→ Input for this task
((

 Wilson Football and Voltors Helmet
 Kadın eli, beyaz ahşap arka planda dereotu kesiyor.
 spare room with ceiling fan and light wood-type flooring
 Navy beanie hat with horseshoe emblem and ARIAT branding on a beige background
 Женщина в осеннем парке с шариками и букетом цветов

))
((

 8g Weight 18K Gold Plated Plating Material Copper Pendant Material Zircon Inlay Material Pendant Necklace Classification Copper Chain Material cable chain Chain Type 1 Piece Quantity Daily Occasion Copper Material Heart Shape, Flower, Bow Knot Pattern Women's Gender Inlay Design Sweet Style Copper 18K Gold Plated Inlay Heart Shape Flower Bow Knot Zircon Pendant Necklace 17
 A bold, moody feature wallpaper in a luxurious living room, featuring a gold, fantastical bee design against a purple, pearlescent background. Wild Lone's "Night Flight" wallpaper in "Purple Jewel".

))
((

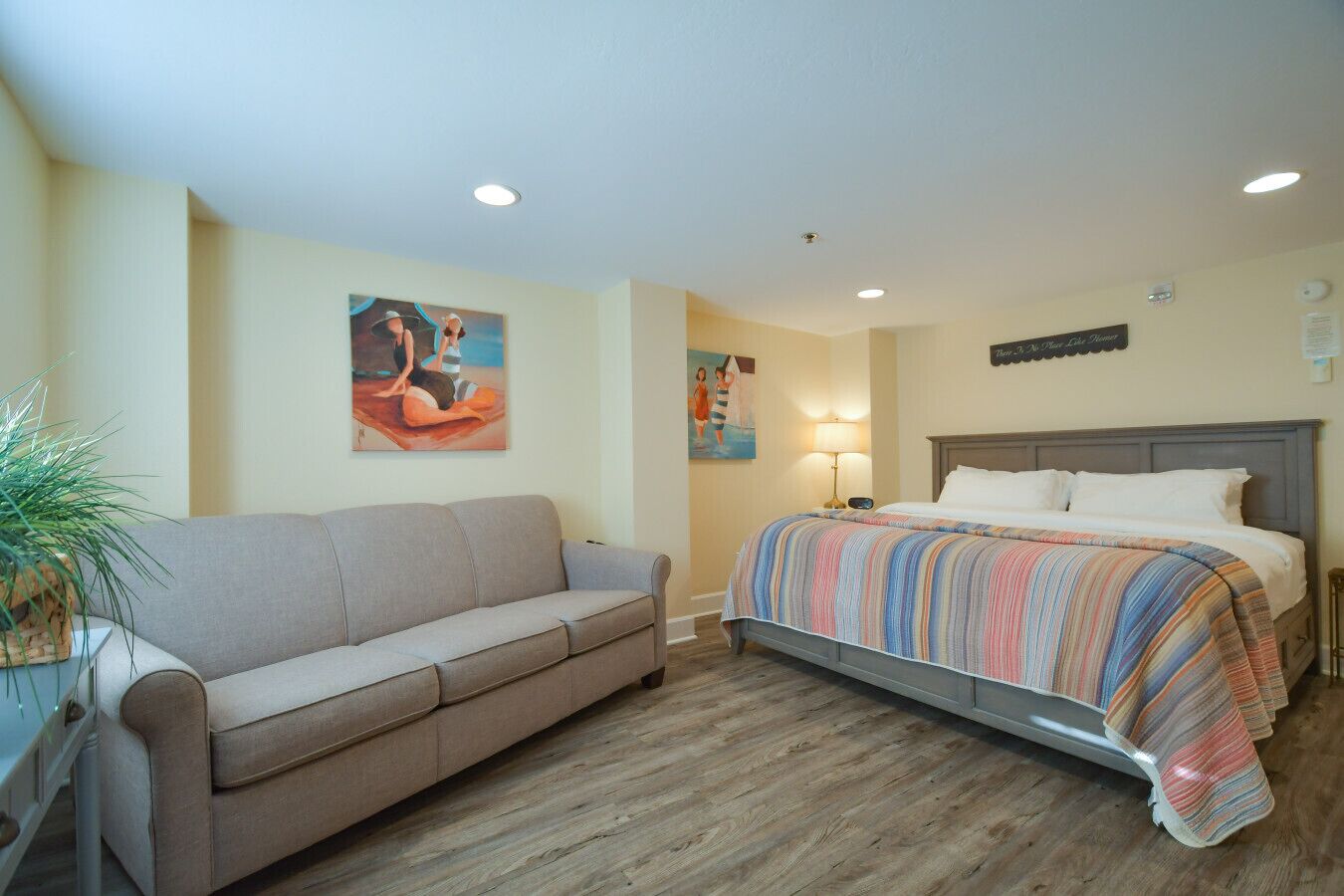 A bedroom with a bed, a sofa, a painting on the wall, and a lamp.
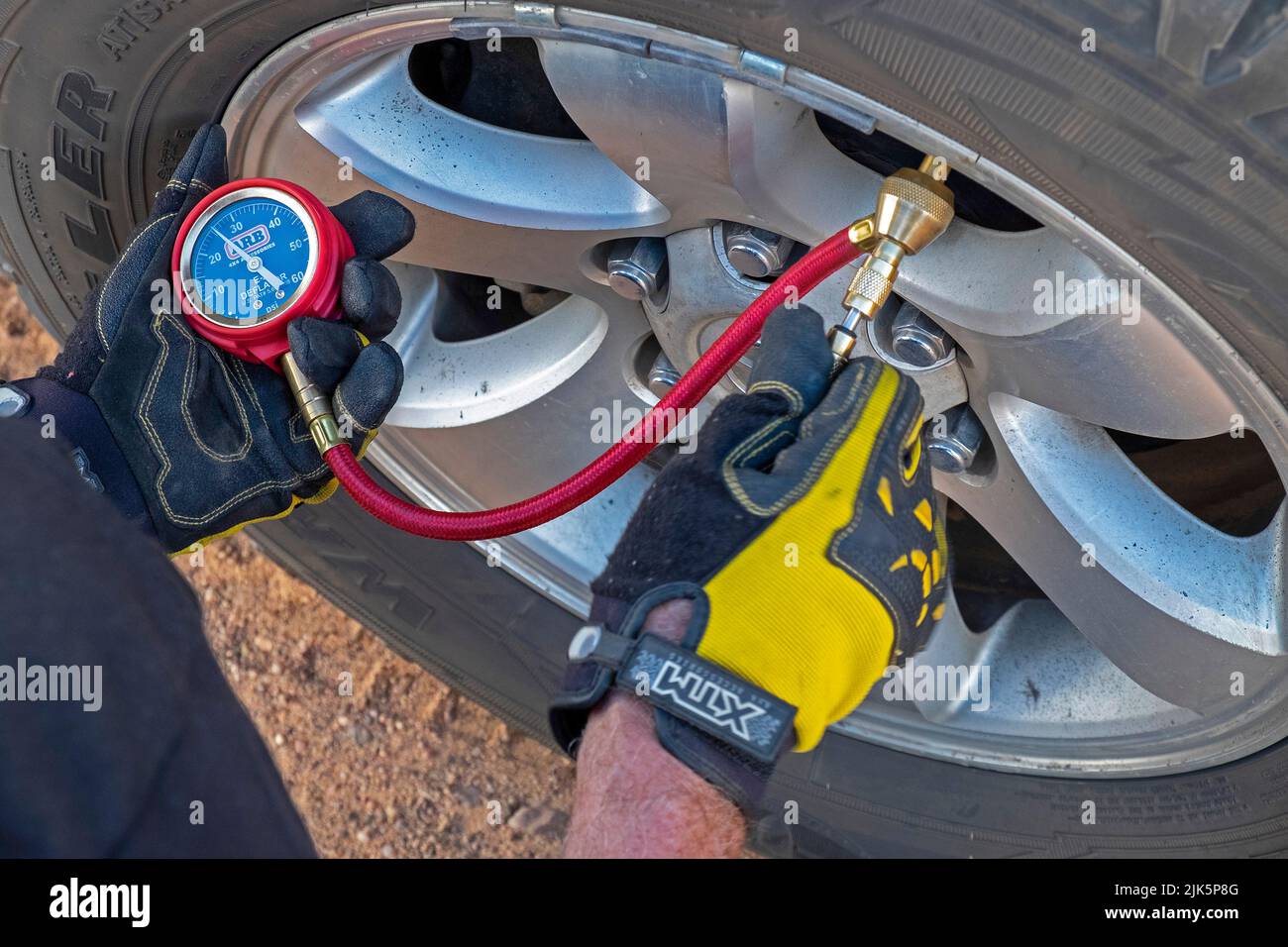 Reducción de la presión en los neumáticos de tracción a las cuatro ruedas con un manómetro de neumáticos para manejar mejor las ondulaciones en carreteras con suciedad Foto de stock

))

→ Task statement
Please go through the data above and copy each line containing the word "background".

→ Answer section
 Navy beanie hat with horseshoe emblem and ARIAT branding on a beige background
 A bold, moody feature wallpaper in a luxurious living room, featuring a gold, fantastical bee design against a purple, pearlescent background. Wild Lone's "Night Flight" wallpaper in "Purple Jewel".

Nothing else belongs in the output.